--- The data Enclosed Below ---
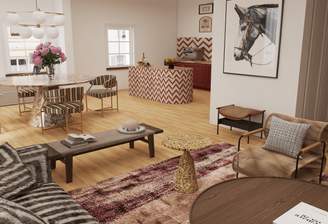 Visualisierung Wohnzimmer zur Küche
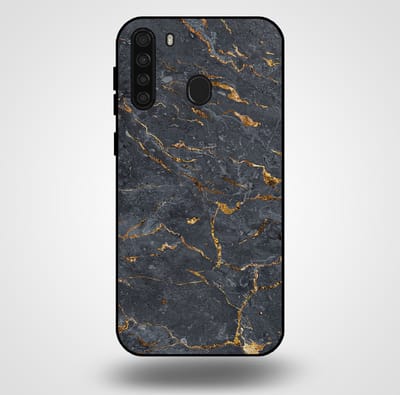 Smartphonica Telefoonhoesje voor Samsung Galaxy A21 met marmer opdruk - TPU backcover case marble design - Goud Grijs geschikt voor Samsung Galaxy A21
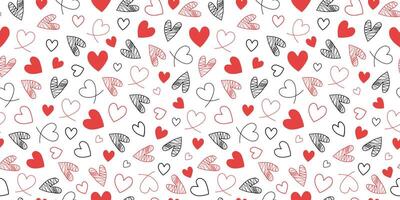 Set of cute hearts, drawings. Repeating pattern. Hand drawn linear icons, doodle. Valentine's Day seamless background. vector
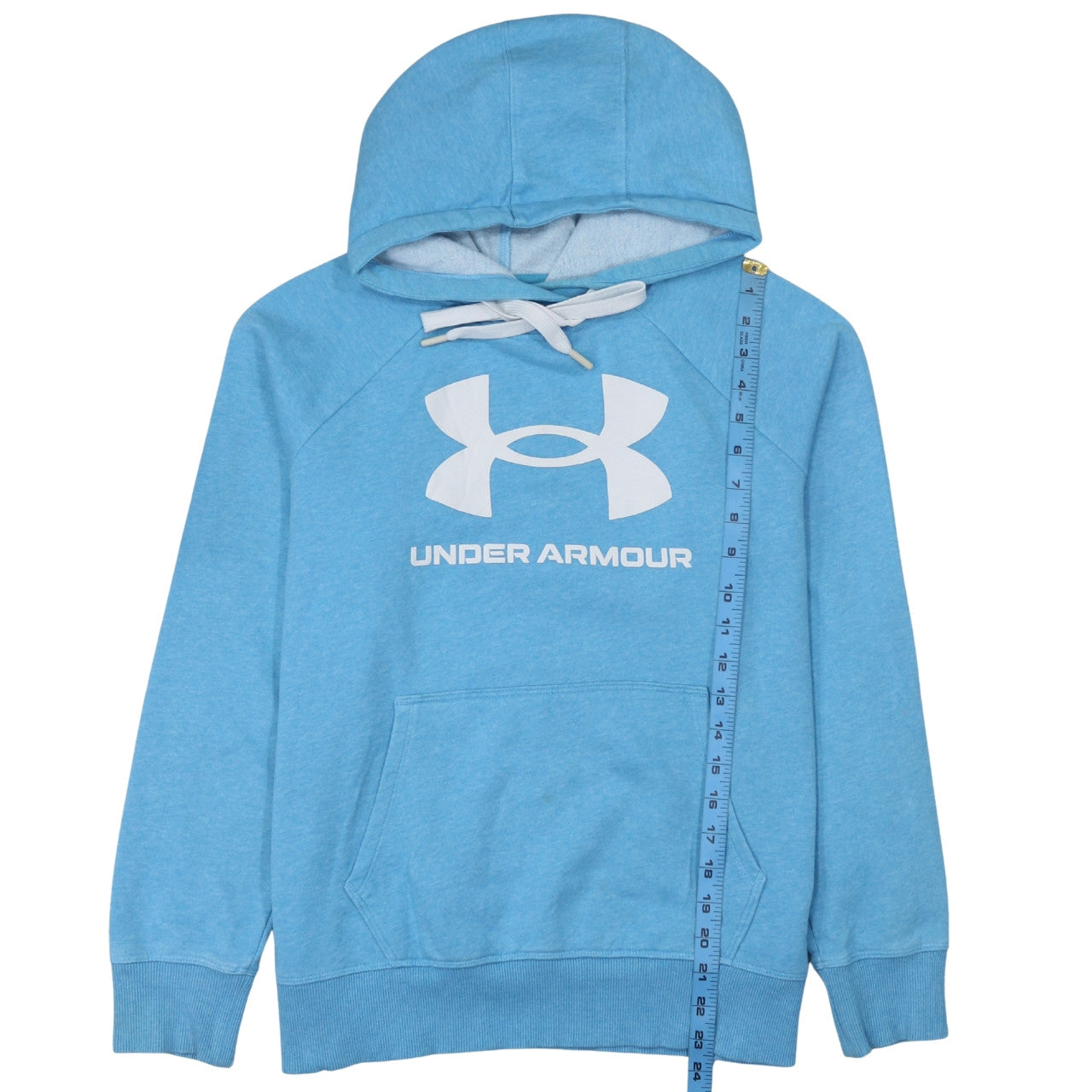 Under Armour Women Blue Pullover Hoodie Small Cotton Blend Logo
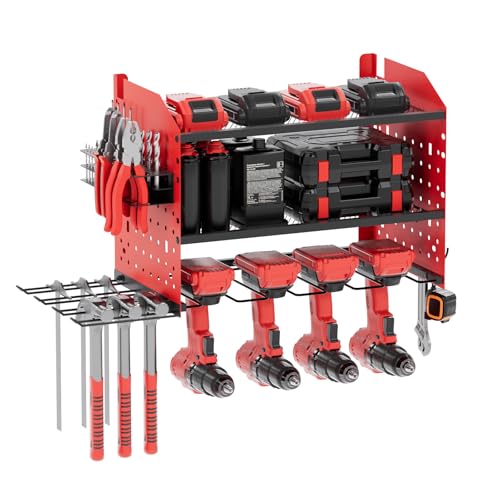 Jellybibo Rangement mural pour outil électriques, Étagère à outils à 3 niveaux pour 4 outils électriques, avec support pour tournevis, marteaux, pour garage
--- End of Enclosed The data ---
=== Requirement ===
A word-for-word copy of the lines from the one containing "Under Armour Women" through the last line of the records is what is wanted, without pictures and without any other line.

=== Solution to the problem ===
 Under Armour Women Blue Pullover Hoodie Small Cotton Blend Logo
 Jellybibo Rangement mural pour outil électriques, Étagère à outils à 3 niveaux pour 4 outils électriques, avec support pour tournevis, marteaux, pour garage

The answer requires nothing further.